Maybe we’re sufficiently far enough out from Christmas that I can safely talk about the questions I have about it. Please don’t call me a Scrooge before you hear me out!
I love chocolate and chocolate-covered everything and candles and carols– all the music that Christmas evokes. But I’ve never seen how plates of cookies and candy link to Jesus’ birth.
Growing up, Christmas wasn’t a big deal in our family. We had a great Christmas dinner and friends or family to eat it with, and I value that simplicity. We never exchanged gifts, because our parents wanted us to think about how we could give to people who had less than we did. I’m grateful for this, even though every Christmas now I feel caught out and odd because I don’t have the gift-giving, card-giving rhythm everyone else does. Special gifts are lovely, and I love a party as much as any extrovert in a pandemic does, but I’ve never seen that we celebrate a friend’s birthday by giving everyone else presents.
Maybe it’s the rebel in me, but I look for ways to give unbirthday gifts outside of Christmas. I’m not highly organized at this, but sometimes I try. Last Thanksgiving break, I rounded up a dozen simple vases, (I was going to spray paint quart jars but you know how scarce they are this year. Dollar Tree to the rescue!) bought two rolls of ribbon, and went foraging for greens. I spent several hours arranging the greens at the kitchen table, then handed them out to friends over the next days. It was so much fun, so simple, and a way to give seasonal beauty that lasted at least a month.

Now I’m dreaming of making bunches of biscotti and passing them out in the next months. Wouldn’t homemade gifts be more special when they’re unexpected?

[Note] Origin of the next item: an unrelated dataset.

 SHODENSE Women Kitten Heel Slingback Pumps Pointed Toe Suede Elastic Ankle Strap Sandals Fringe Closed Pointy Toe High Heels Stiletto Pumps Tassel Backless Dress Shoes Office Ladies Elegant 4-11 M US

I like traditions and feasts and making candy together and reveling in gorgeous Christmas music, so I don’t plan on deleting Christmas from my life. But let’s not confuse happy, delicious traditions with a deeply significant event in history that’s so murky we know few details about how it was. Is there a way that we could keep the lines clearer between tradition and remembering the wonder of Incarnation?

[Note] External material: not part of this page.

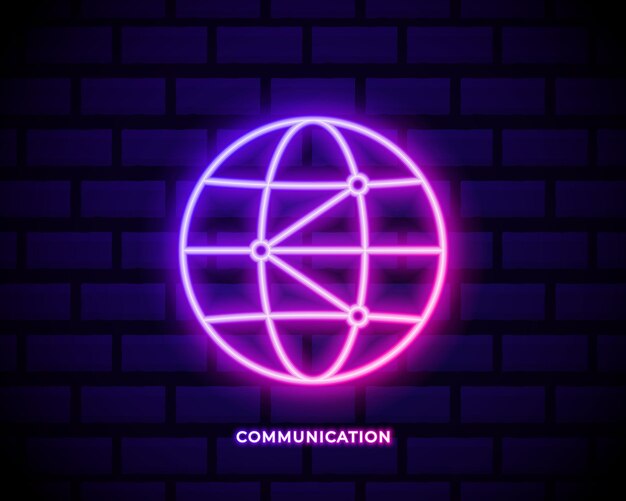 World, global, network icon neon color icon.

We can call things tradition or fun but I don’t see how chocolates connect with the Incarnation. You can disagree, and that’s ok. Maybe I’ve not entered rightly or fully into celebrating spiritual realities.
To help start fresh traditions and clear connections to help us remember significant spiritual realities, I propose we start celebrating Easter as a bigger, brighter, richer event than we usually do. The worst possible thing happened on Good Friday, and then the most unimaginable, wonderful thing happened, and most of us say oh yeah, Easter’s coming soon–when is it, exactly–I don’t remember–shall we get some lilies for the table?

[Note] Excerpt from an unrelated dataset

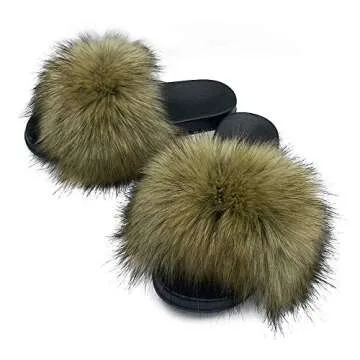 AuapTavw Women's Faux Fur Slides Slippers Fluffy Fuzzy Sandals Open Toe Furry Slide Flip Flop Indoor Outdoor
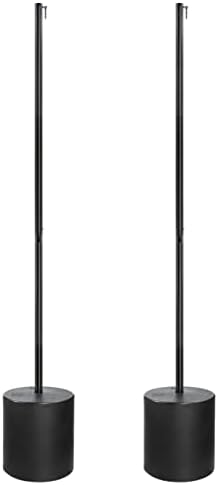 Outdoor String Light Pole Stand (2 Pack) - 9.5 Feet, Black, Heavy-Duty with Freestanding Tank Base for Grass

I dream of our whole calendar focused toward remembering this most unbelievable, shattering event. There’s much about that day in history and that context that we don’t know, but whenever I read the Emmaus story and the walkers tell Jesus “We had hoped he was to redeem Israel,” it breaks my heart every single time.
All of us know hope, broken hope, and the way a heart implodes. Easter is the only antidote in the world for that universal human experience, and it’s something to celebrate long and loud.
But how?
It’s been a whole year of Lent, not just forty days, and I have any amount of books and poetry and devotionals to help focus me in this Lenten season, and none of it is helping. I have no elastic in my soul to expand to Lenten Bible studies or reading eloquent poems. I’ve given up so much this year, I can’t think about deliberately cutting out another thing or adding something special while I wait for Easter.
So this is my dilemma. I want to celebrate Easter with beauty and joy and anticipation, and build traditions and remember how the worst possible thing became better than anyone’s dream. But this doesn’t seem to be the year to start. And I don’t know what to do about it.
I’m in the “but we had hoped” stage and most days I’m ok, but other days I’m edgy and whimpery and not a paragon of celebration and virtue. I’m like one of the two walking home to Emmaus, head down, disappointed, unable to make sense of what’s happening.